Largement liées aux politiques menées par la Fed et le Trésor, la baisse du dollar et la hausse des prix des matières premières ont contribué cette année à la hausse des anticipations d’inflation.

Le dollar a en effet largement nourri les opérations de carry-trade, consistant pour les investisseurs à s’endetter en dollar à un coût minime, pour aller chercher du rendement sur d’autres actifs. La baisse du dollar alimente à son tour mécaniquement la hausse des prix des matières premières. Dès lors, le risque provient d’une accélération de l’inflation importée, poussant les coûts puis les prix finaux à la hausse. Pourtant, ici encore ce risque ne s’est pas réellement matérialisé. Les prix à l’importation restent aujourd’hui en territoire négatif (- 5,7%A en octobre) et, bien que cette baisse soit moins marquée qu’en milieu d’année, la tendance baissière reste intacte, et assez largement répartie à l’ensemble des catégories de biens. La reprise de l’activité au niveau mondial plaide bien entendu pour un apaisement de cette tendance désinflationniste (voire déflationniste), sans pour autant constituer un risque significatif pour les perspectives d’inflation à moyen terme.

En effet, la persistance d’un output gap important reste à nos yeux un élément de nature à largement limiter l’apparition de pressions inflationnistes, du moins à court-moyen terme. En réduisant considérablement la capacité des entreprises à monter leurs prix, voire les forcer à consentir des baisses, ceci entretien des forces déflationnistes. La sous-utilisation des capacités de production reste aujourd’hui à des nivaux historiquement bas, reflétant l’affaiblissement brutal de la demande.

Parallèlement, la dégradation de l’emploi (7,2 millions de postes détruits depuis janvier 2008) s’est naturellement accompagnée d’une forte décélération des salaires et les coûts unitaires du travail sont désormais en territoire négatif. Ainsi, l’inflation parait aujourd’hui contrainte d’une part par la décélération des coûts salariaux (effet combiné de la baisse des effectifs et de la décélération des salaires), et d’autre part par la non-répercussion des hausses de coûts non-salariaux (matières premières par exemple), dans un environnement de demande tout juste convalescent.

Conclusions

L’inflation américaine semble aujourd’hui se normaliser, l’économie renouant avec la croissance.

En 2010, le taux d’inflation retournera progressivement vers la zone des 2%, la contribution des matières premières accélérant.
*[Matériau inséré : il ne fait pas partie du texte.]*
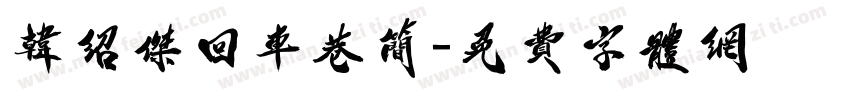 韩绍杰回车巷简字体转换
Pourtant, l’inflation structurelle continuera de décélérer (1%) sous l’effet de la persistance d’un output gap important et de la détérioration de l’emploi.

Les perspectives d’inflation à court et moyen termes ne sont pas de nature à déclencher un resserrement monétaire précipité de la Fed. Celle-ci, comme annoncé, retirera progressivement, en 2010, la liquidité qu’elle a fournie à l’économie, pour prévenir un emballement du crédit. Il s’agit en effet d’éviter une montée indésirable des anticipations d’inflation ou créer des mouvements déstabilisants sur les marchés financiers, même si la doctrine de la Fed semble toujours de ne pas utiliser l’arme des taux pour contrer l’éventuelle constitution de bulles spéculatives sur les actifs.